We’re stuck and $365 million may not help. The United States places an unusual degree of importance on the reliability of yearend standardized tests. These tests have been around for 15 years and, because we have so little performance data, we try to use them for a variety of purposes. For many reasons, the tests haven’t improved much. The new barrier is the dual fixation on cost and comparability.
Innovation occurs when markets are efficient—where supply meets demand, where consumers quickly (and often ruthlessly) express preferences, where risk is rewarded with return. Blockages can occur either on the buy or the sell side, but they often slump into complacency together.
In the case of educational testing, we have a set of complicated political problems resulting in weak demand for assessment innovation. The next generation of artificial intelligence will help make better test items faster and cheaper to score.

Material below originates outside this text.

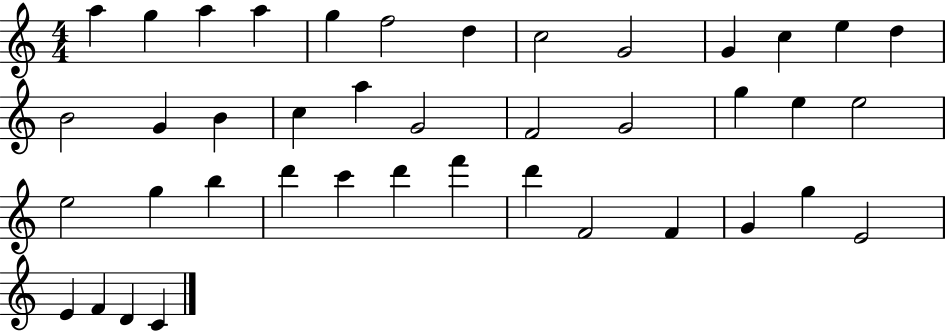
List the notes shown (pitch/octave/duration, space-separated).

A5/q G5/q A5/q A5/q G5/q F5/h D5/q C5/h G4/h G4/q C5/q E5/q D5/q B4/h G4/q B4/q C5/q A5/q G4/h F4/h G4/h G5/q E5/q E5/h E5/h G5/q B5/q D6/q C6/q D6/q F6/q D6/q F4/h F4/q G4/q G5/q E4/h E4/q F4/q D4/q C4/q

But this is more a political problem than a technical problem.
First and foremost, states are broke and can’t afford to spend more money on testing. What they spend on testing appears to vary from $11.50 for cheap online multiple choice test to more than $50 per student for hand score tests with lots of constructed response.
Most states have made a commitment to work cooperatively on the development of new assessments. All but six states have joined one of two Race to the Top funded consortia. But if that means buying a common test, the cost of these new tests will be bounded by the low end of the range because members of the steering committee that represent states with cheap tests can’t go back to their legislatures with a test that costs three times as much. As a result, intense cost pressure will limit the number and type of constructed response items.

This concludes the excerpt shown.